In iOS 7, Twitter takes over social -- again

In iOS 7, Twitter takes over social -- again

New integrations turn Twitter into an intelligent content provider for iOS device owners, and make Facebook seem less relevant. It's like 2011 all over again.


Showing some repeat favoritism, Apple has once again picked Twitter to power the coolest social experiences for its 600 million iOS device owners.

During a keynote address at its annual Worldwide Developer Conference, the Cupertino company lifted the veil on iOS 7, its next-generation mobile operating system that reflects a new way of thinking around design. Aside from its altered appearance, the redone OS -- coming to consumers' iPhones and iPads this fall -- features a new Control Center, improved multitasking, iTunes Radio, better Camera and Photos apps, and an updated Safari browser.
Twitter is also ever-present in the release, having been upgraded from dumb social pipe to intelligent content provider. The information network has had an intimate connection to Apple and iOS customers since getting system-level integration in the 2011 release of iOS 5. The blessing helped Twitter instantly triple its iOS sign-ups. A year later, Facebook got the same treatment. (Curiously, both Twitter and Facebook status update options have been removed from the Notification Center in iOS 7.)
With iOS 7, Twitter will further infiltrate your device, going deeper into the operating system and becoming one with the system. Facebook not so much.
For starters, in the new version of Safari, iPhone, iPad, and iPod Touch owners will find something called Shared Links, a pre-populated reading list of articles as shared by the people they follow on Twitter. Here they can scroll through all the URLs from their Twitter timeline, as plucked out by Apple and Twitter. The Twitter browser addition, also coming to the new version of Safari for OS X Mavericks, acts as an alternative to searching, and gives people a no-nonsense, all-content view of what's happening on Twitter, as it's happening.

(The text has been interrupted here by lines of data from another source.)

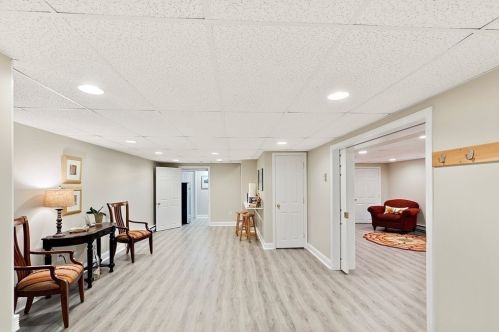 181 Johnny Cake St, North Andover MA 01845-5613 exterior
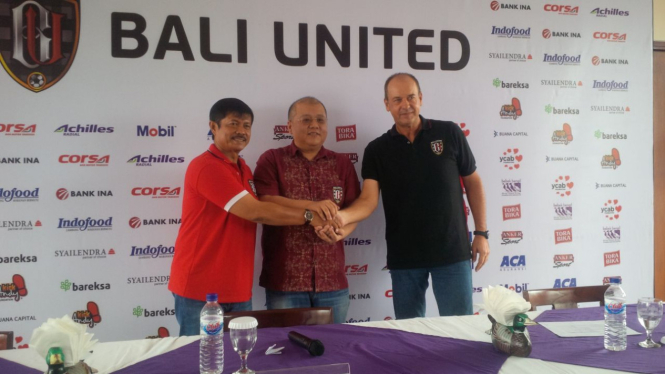 Acara perkenalan pelatih anyar Bali United, Hans-Peter Schaller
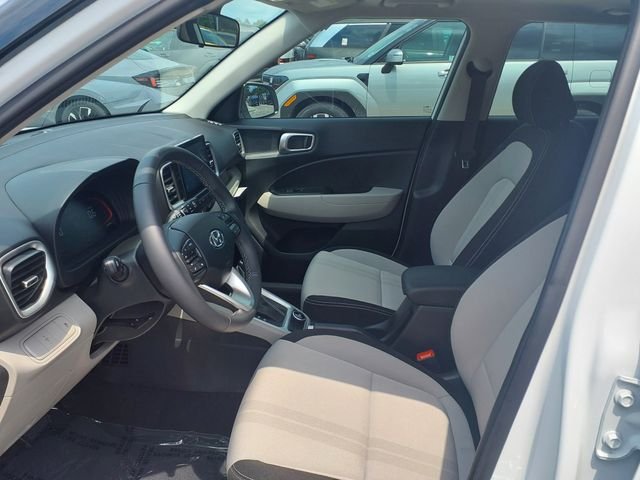 Certified Used 2025 Lunar Hyundai SEL image 10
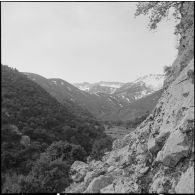 Tikdja. 22e bataillon de chasseurs alpins (BCA). Paysage de montagne.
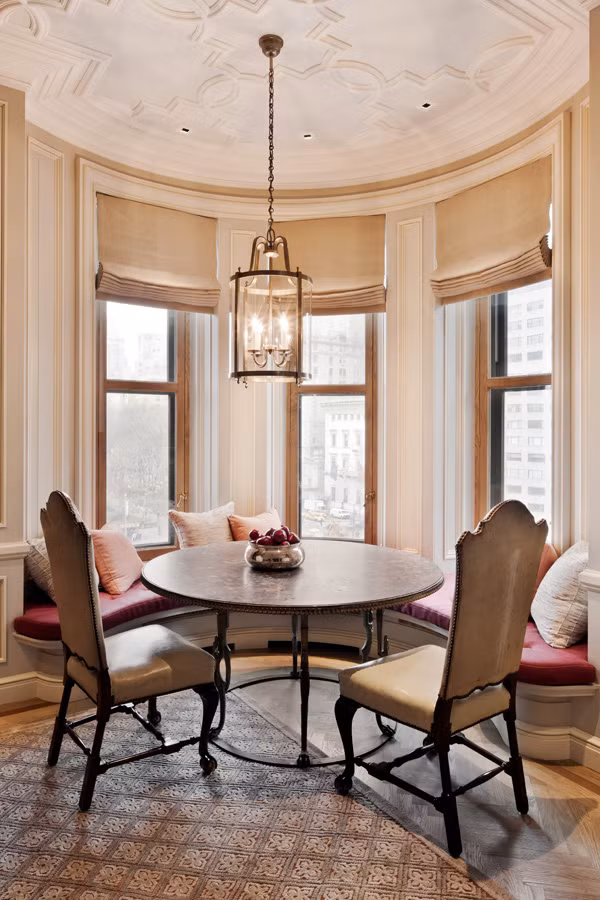 Hiện tại Astor Suite thuộc sở hữu của một nhân vật giấu tên hoạt động trong lĩnh vực thời trang, người này từng mua lại căn hộ từ Esprit với giá 30 triệu USD. Sau đó, nó được sửa chữa, nâng cấp bởi nhà thiết kế Steven Gambrel, người từng sở hữu và thiết kế nhà riêng cho Courtney Love, vợ góa của ngôi sao nhạc rock Kurt Cobain.
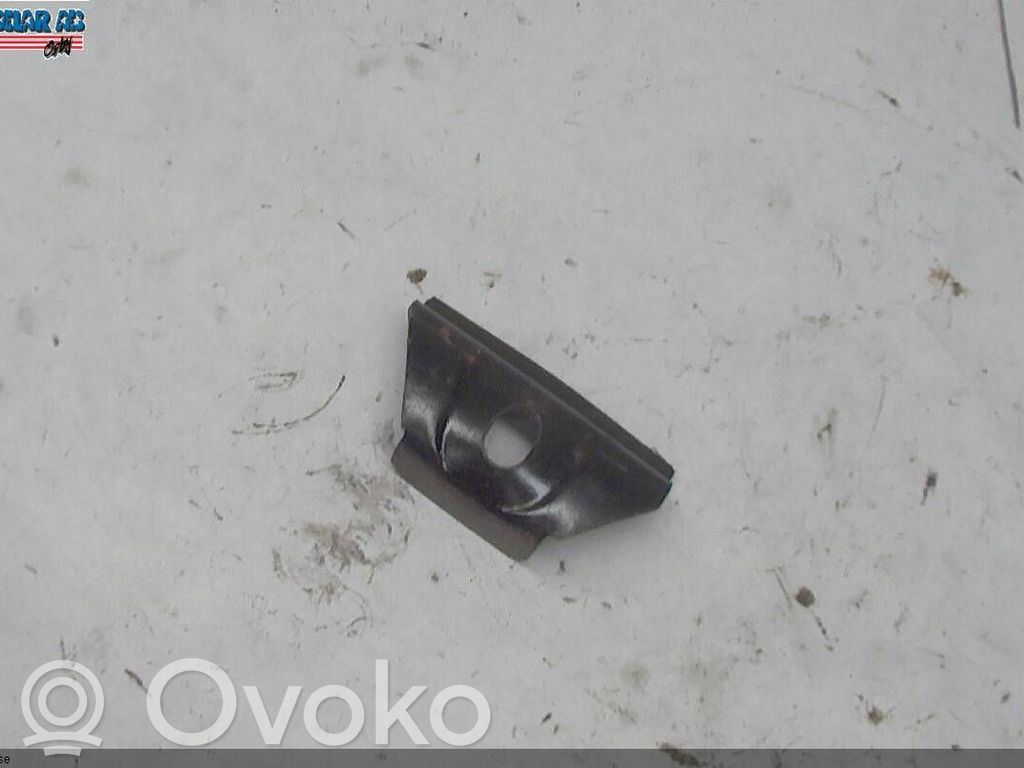 Akumuliatoriaus tvirtinimo padas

But when it comes to searching, Siri and Twitter can do that too. In iOS 7, Siri has sucked in Twitter intelligence so that when you ask what people are saying about certain topics, she (or he now!) can tell you by showing you their tweets.
As an extra bonus, Twitter gets to play along with Apple's iTunes Radio, the brand-new Pandora-like digital radio service for Apple devices. iTunes Radio comes with more than 200 promoted genre-based stations, including one featured station that plays tracks trending on Twitter.
The music inclusion means that Twitter's own two-month old radio offering won't be getting trounced by the far bigger digital media player. Instead, it will be boosted by the association.
It's not as if Facebook has been booted from Apple handsets -- it's still a part of share sheets for one-click posting -- but the social network has certainly being pushed to the background, relegated to a distance second place in social in Apple's world.